クイーンはちらりと時計を見て、あぁ。と気の抜けた声を出したかと思えば
「そういえば、この時間に来いって言ったんだったな。すっかり忘れてたよ」
その言葉にスピネルは湧き上がった苛立ちをグッと抑える。最近できた顧客ではあるが、表も裏も様々な客が集まるこのサーカス団では情報が集まりやすい、そこを信頼を失うのはは惜しい上に、団長であるクイーンはなぜかスピネルを気に入っているようで、あまりお金を出し惜しみする様子がないらしい、こんなにいい条件の相手のわがままくらいは気にしている場合ではなかった。
「それで、今日はどんな御用で?女王陛下」
「そんなに怒るなよ。美しい顔が台無しだ」
一つ深呼吸をして、怒りを抑えながら問えば、クイーンはいかにも楽しげな顔で、そんな歯の浮くセリフを返してくる。スピネルが帰ってやろうかと思案してると、クイーンはゆっくりと立ち上がり、「とりあえずついてきて」といいテントの外へと案内された。

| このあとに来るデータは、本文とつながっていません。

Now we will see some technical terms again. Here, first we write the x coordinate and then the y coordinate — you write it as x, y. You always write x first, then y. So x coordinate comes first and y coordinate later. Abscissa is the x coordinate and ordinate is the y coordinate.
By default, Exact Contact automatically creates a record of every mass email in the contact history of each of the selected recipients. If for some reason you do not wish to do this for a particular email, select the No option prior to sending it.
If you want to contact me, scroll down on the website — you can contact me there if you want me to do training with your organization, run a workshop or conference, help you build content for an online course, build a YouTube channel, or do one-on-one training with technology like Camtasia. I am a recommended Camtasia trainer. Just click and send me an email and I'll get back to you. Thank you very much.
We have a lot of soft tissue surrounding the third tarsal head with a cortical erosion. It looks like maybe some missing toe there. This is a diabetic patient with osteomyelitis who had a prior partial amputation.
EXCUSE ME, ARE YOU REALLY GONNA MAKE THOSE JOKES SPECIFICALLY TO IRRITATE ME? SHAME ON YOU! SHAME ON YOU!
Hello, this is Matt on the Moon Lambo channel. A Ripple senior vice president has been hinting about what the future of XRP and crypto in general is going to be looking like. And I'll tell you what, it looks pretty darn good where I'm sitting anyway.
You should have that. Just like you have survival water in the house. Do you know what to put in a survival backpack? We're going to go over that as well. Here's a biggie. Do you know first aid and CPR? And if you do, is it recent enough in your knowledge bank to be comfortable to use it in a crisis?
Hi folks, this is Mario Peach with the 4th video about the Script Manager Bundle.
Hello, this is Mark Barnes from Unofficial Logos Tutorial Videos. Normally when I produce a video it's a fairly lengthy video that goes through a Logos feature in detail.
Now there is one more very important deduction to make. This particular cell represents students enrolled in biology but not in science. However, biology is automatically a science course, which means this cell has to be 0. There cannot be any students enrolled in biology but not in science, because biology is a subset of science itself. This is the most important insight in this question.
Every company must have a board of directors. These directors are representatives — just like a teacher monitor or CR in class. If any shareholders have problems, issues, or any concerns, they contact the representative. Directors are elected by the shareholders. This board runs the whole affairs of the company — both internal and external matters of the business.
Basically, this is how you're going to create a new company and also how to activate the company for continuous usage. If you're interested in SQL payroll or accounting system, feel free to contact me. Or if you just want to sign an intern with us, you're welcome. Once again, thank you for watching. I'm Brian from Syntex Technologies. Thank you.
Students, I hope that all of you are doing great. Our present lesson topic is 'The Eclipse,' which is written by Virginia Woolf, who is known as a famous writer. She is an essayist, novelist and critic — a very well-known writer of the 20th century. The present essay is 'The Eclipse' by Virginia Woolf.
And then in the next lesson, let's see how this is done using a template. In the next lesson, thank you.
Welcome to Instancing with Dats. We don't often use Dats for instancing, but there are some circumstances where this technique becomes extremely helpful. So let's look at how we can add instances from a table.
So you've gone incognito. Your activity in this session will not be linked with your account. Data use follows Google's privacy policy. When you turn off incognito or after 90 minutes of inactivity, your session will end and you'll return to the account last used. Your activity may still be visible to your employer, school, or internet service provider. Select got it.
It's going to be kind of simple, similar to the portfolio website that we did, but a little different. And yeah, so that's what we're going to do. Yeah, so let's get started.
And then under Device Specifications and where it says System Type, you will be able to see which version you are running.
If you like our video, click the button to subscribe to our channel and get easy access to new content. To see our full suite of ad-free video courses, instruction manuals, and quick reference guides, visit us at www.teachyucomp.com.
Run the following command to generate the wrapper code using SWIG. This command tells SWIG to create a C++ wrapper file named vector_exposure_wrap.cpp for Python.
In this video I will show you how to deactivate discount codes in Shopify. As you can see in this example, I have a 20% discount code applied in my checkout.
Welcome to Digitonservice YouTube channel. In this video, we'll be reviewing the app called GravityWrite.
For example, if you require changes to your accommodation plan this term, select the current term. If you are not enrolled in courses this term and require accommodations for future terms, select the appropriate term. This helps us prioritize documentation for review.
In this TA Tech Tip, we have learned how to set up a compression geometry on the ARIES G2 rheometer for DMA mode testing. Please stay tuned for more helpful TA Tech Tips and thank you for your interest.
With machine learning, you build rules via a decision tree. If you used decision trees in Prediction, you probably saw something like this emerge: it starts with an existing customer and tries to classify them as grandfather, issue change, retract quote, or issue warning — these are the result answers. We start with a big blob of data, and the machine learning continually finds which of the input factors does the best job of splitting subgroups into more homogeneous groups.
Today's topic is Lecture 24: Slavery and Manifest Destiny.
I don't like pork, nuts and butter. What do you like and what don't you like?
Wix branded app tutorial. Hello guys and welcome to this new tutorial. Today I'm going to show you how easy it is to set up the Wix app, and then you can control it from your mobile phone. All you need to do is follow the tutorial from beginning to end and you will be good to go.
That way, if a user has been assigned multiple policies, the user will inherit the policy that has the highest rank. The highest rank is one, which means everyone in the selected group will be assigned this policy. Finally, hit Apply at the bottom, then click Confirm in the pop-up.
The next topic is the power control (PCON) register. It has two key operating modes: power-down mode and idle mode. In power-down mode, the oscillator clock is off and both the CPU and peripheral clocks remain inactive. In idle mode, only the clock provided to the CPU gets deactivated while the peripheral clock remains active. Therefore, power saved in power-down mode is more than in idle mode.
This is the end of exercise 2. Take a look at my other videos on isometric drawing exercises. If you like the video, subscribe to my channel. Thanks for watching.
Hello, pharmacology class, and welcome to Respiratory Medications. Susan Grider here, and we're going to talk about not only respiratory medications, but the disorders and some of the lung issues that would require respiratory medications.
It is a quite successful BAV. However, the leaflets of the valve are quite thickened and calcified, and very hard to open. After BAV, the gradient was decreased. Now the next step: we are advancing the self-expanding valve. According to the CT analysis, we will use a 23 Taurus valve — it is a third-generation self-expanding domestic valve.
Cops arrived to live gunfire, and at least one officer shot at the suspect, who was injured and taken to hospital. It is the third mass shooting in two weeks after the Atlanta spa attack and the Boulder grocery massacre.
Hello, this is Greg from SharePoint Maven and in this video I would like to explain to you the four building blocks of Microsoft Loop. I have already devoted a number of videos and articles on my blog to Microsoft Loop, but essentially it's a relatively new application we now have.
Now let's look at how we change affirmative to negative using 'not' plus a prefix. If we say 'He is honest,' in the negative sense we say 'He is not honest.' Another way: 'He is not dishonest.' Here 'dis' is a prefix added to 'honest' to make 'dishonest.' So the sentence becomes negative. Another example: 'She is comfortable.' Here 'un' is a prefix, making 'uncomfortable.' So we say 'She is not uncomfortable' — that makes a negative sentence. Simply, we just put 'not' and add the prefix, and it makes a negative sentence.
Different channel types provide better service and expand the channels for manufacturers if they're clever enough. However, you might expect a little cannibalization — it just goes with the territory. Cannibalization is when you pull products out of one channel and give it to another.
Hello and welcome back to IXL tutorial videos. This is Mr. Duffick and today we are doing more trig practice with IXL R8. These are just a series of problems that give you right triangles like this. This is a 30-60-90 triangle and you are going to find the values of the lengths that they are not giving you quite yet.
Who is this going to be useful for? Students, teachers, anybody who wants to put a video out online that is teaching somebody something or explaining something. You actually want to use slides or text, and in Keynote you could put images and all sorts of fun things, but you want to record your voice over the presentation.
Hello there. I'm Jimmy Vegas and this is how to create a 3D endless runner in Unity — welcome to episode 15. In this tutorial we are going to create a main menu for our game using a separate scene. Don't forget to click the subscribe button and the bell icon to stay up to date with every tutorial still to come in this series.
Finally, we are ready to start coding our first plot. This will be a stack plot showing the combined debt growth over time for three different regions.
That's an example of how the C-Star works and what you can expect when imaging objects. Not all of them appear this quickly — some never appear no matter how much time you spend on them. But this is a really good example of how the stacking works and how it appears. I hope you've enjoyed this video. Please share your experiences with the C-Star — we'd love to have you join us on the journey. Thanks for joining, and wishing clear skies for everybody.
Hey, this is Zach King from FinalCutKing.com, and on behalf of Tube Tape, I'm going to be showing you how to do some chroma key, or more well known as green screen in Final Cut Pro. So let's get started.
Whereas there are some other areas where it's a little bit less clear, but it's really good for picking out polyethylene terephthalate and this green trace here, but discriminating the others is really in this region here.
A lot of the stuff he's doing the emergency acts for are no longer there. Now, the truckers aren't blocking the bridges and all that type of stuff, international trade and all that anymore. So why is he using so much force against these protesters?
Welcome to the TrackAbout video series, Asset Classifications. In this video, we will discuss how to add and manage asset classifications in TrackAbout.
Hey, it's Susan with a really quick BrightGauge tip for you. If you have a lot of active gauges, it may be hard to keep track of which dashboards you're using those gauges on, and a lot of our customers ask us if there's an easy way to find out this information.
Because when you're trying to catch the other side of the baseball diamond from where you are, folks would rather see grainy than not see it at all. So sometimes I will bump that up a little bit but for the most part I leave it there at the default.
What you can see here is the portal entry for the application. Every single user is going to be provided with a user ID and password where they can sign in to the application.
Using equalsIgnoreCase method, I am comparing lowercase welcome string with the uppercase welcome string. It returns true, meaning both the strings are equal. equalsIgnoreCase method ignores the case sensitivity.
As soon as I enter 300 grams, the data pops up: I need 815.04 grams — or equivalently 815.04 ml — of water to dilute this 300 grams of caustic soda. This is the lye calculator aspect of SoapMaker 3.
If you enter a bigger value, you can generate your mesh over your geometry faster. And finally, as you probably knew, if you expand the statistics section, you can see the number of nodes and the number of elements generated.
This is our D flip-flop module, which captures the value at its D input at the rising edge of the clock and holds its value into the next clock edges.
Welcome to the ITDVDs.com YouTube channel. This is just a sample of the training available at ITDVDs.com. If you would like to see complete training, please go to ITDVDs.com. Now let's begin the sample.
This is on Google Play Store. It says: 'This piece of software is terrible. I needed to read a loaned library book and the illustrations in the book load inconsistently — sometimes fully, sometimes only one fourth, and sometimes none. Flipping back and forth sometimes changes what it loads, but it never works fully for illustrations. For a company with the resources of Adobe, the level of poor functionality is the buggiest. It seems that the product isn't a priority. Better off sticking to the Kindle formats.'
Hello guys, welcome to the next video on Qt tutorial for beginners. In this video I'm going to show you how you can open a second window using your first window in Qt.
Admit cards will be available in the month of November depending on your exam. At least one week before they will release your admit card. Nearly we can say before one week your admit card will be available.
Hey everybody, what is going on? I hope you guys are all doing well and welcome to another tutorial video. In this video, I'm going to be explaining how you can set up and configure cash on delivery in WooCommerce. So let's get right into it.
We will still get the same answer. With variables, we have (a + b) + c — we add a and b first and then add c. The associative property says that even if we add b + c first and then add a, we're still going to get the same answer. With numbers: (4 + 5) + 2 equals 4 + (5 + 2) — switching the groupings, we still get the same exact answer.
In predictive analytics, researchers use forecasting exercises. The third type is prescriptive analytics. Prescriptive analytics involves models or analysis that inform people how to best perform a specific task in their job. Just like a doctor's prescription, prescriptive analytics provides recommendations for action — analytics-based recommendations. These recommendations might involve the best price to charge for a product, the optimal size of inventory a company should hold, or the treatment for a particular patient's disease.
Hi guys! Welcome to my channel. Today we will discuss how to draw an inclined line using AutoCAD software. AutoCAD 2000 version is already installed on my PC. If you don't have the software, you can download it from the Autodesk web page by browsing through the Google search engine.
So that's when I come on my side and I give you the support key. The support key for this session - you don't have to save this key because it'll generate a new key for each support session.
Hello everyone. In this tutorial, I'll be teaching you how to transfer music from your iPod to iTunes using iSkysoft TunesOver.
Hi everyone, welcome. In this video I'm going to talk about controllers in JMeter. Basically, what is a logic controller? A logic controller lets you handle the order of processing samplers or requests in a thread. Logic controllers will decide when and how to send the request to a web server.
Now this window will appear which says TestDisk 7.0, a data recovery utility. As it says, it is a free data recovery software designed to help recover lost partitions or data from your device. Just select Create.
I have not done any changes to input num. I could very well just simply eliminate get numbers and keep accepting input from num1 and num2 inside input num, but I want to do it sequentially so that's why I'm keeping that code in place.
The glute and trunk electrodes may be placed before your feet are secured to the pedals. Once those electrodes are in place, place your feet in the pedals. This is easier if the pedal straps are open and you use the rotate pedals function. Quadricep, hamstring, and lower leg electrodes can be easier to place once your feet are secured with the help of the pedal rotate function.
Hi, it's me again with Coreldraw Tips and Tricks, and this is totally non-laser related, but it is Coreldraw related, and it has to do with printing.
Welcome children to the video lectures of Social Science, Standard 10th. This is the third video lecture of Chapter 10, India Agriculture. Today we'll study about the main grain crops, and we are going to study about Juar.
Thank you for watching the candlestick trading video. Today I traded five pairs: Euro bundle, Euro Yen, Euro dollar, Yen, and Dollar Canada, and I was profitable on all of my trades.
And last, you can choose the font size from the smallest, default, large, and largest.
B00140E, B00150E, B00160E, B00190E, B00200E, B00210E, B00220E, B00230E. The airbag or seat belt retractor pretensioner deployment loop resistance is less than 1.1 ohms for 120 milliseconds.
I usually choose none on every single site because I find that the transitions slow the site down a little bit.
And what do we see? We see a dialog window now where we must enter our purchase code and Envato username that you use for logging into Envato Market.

「ついこないだなんだけどね、オル……オランジェットが、桃源浄土の方まで散歩に行ったんだ。『アリス』に教えてもらったお店の肉まんを食べたいって言ってね」
歩きながらクイーンは口を開く。そういえばそんなことも教えたなとスピネルは先日のオランジェットとの会話を思い出す。散歩が趣味のオルは、次は桃源浄土にまで足を伸ばして見ると言っていたため、おすすめのお店を教えてほしいと依頼されたのだ。あとでどうだったか感想を聞いてみようと、スピネルが思考をめぐらしていると目的のテントについたようで、クイーンがそっとテントの裾を持ち上げ、中を見るように促した。
「その日帰ってくると『女の子がうさぎになった!』って言って、腕の中にアレを抱えてきたってわけだ」
スピネルたちの視線の先には、机に突っ伏して寝ているオル、その前にフカフカのタオルの入った籠があり、その中心には小さいボロ雑巾のようなものが上下に動いていた。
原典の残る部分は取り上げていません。